(Data entries)
>>>

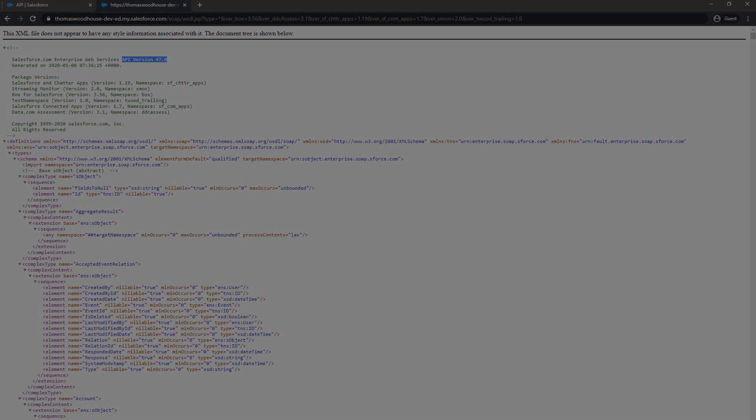This concludes our quick how-to screencast on how to locate your Salesforce org ID, check what edition you are using, what Salesforce instance your org is located on, and how to identify your current API version.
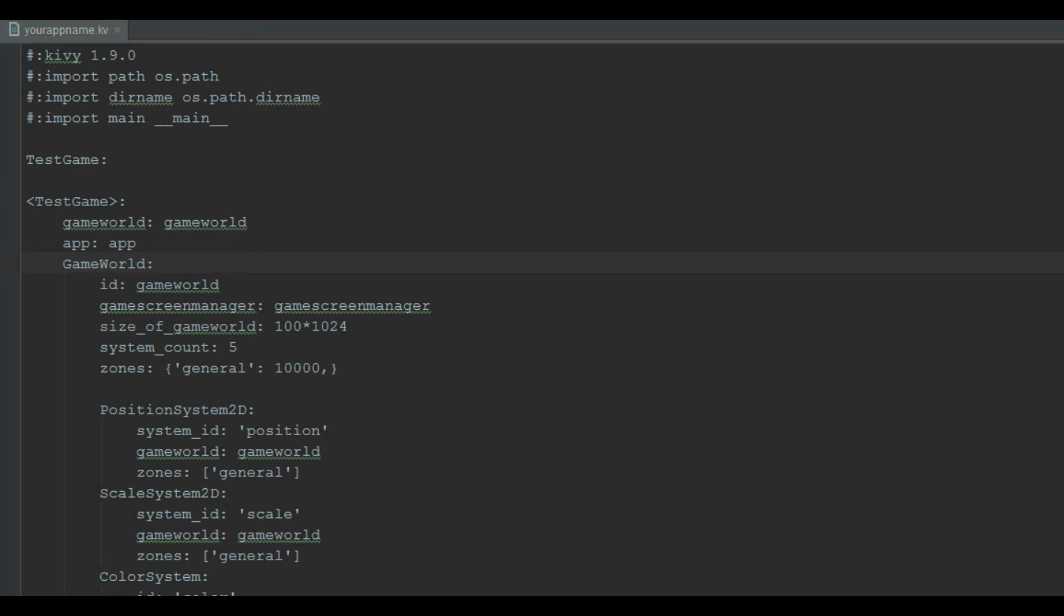We declare the ID, the game screen manager, the size of the game world, which is in kibibytes. And then we declare the general zones, which is 10,000 units of memory.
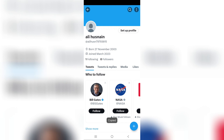Now you can share this link with anyone to share your Twitter profile. That's it for today! If you found this video helpful, please don't forget to like and share it with your friends. I'll see you in the next one — thank you for watching.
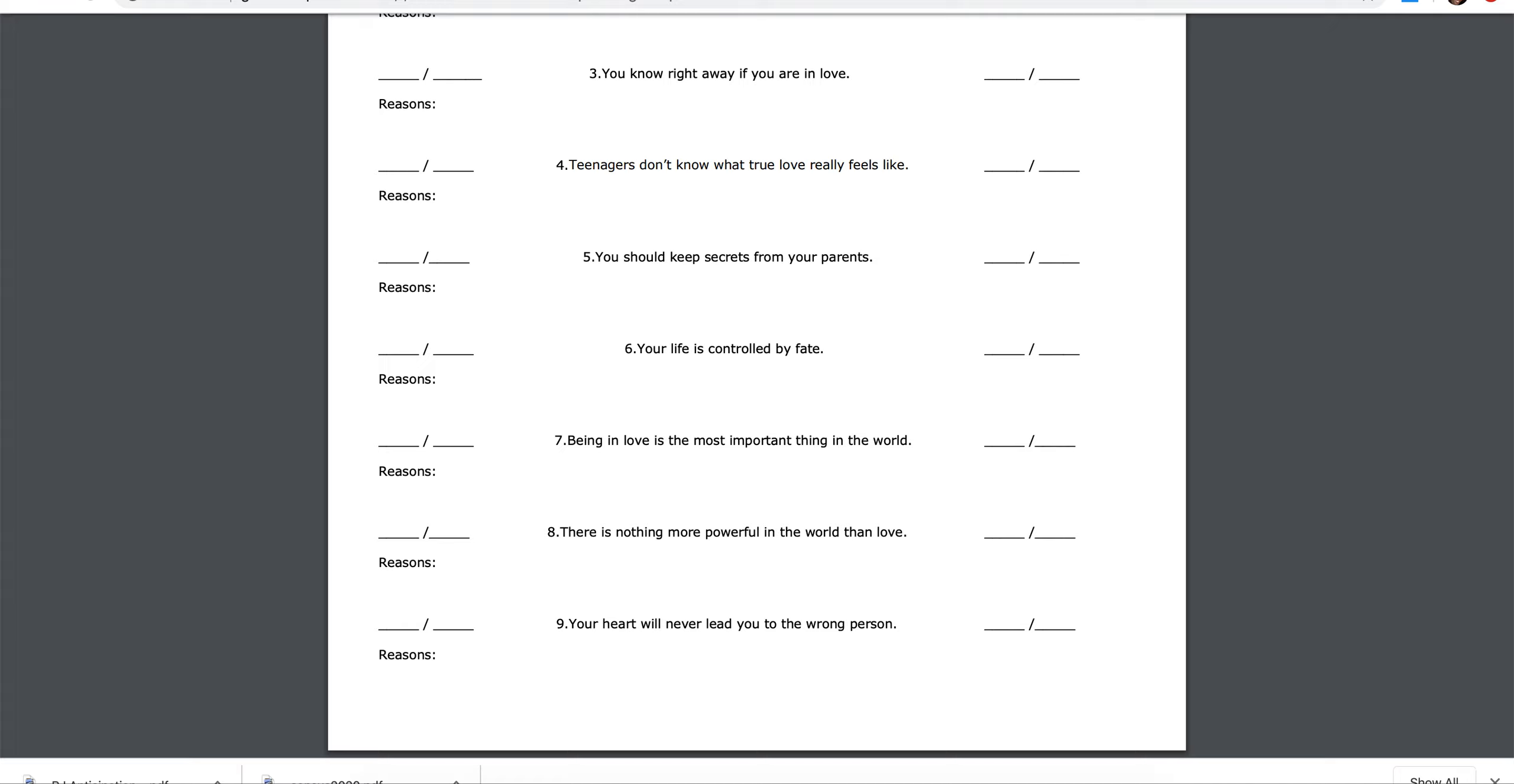Nine, your heart will never lead you to the wrong person. Agree, disagree, reasons.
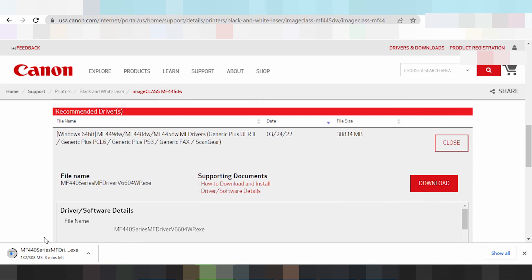If you need to install the driver for WiFi: turn on the printer and connect the printer to your WiFi network. Once the download is finished, run the driver installer, find the printer's IP address, and connect the printer using that IP address over WiFi.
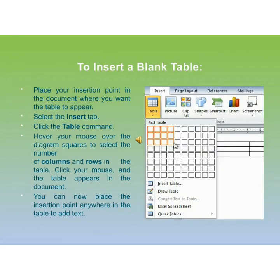Creating or inserting a blank table in your document: Place your insertion point in the document where you want the table to appear. Then select the Insert tab and click the Table command. Hover your mouse over the diagram squares to select the number of columns and rows in the table. Click your mouse and the table appears in the document. You can then place the insertion point anywhere in the table to add text.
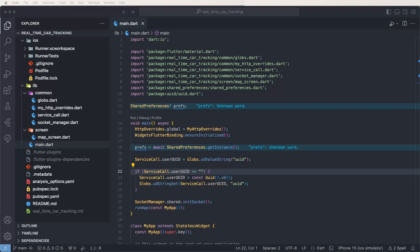Hello viewers, welcome to Corporate. In this real-time car tracking tutorial, today we need to integrate the geolocator plugin. We need to import it and create the location manager class. We need to develop it, then check the location update events we need to receive. We need to check this on both iOS and Android emulators.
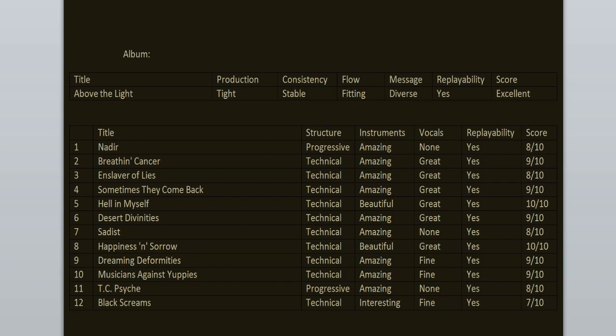This stuff is timeless. Songs like Hell in Myself, Happiness and Sorrow, Breathing Cancer, Sometimes They Come Back, these are classics. You cannot argue with that. It's a beautiful record. It's not my favorite Sadist album, they have better ones, but this one is still an amazing debut and I recommend it. Celebrate the anniversary by streaming this record today. It deserves your love and attention. That's all from me. Thank you for watching. Don't forget to like and subscribe. Follow me on my Instagram, link in the description, and I will see you in my other videos. Bye.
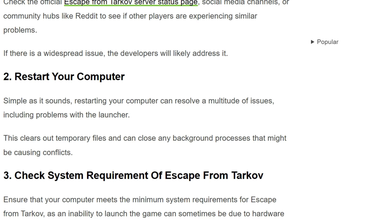The second solution is to restart your computer. Simple as it sounds, restarting your computer can resolve multiple issues, including problems with the launcher. This can clear out temporary files and close any background processes that might be causing conflicts.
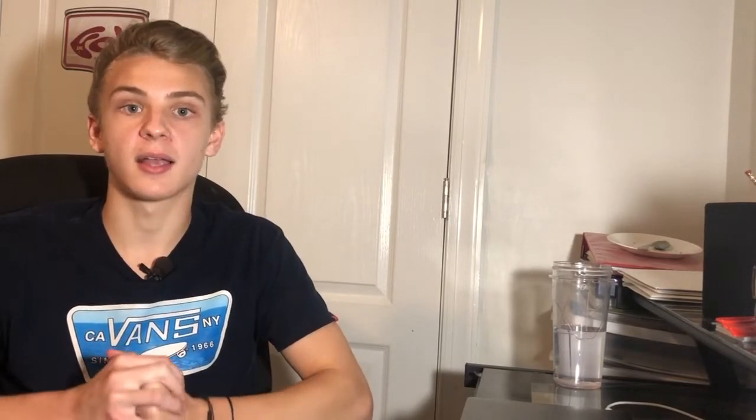Another thing to look for in the comments is people tagging their friends. This is a really good sign because bots typically can't do this. Bots usually post basic comments, but they don't tag other accounts.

<<<

### Task brief
Only the line with "Now you can" and those preceding it, back to the first line of the entries, should be repeated exactly, without pictures.

### The completed task
This concludes our quick how-to screencast on how to locate your Salesforce org ID, check what edition you are using, what Salesforce instance your org is located on, and how to identify your current API version.
We declare the ID, the game screen manager, the size of the game world, which is in kibibytes. And then we declare the general zones, which is 10,000 units of memory.
Now you can share this link with anyone to share your Twitter profile. That's it for today! If you found this video helpful, please don't forget to like and share it with your friends. I'll see you in the next one — thank you for watching.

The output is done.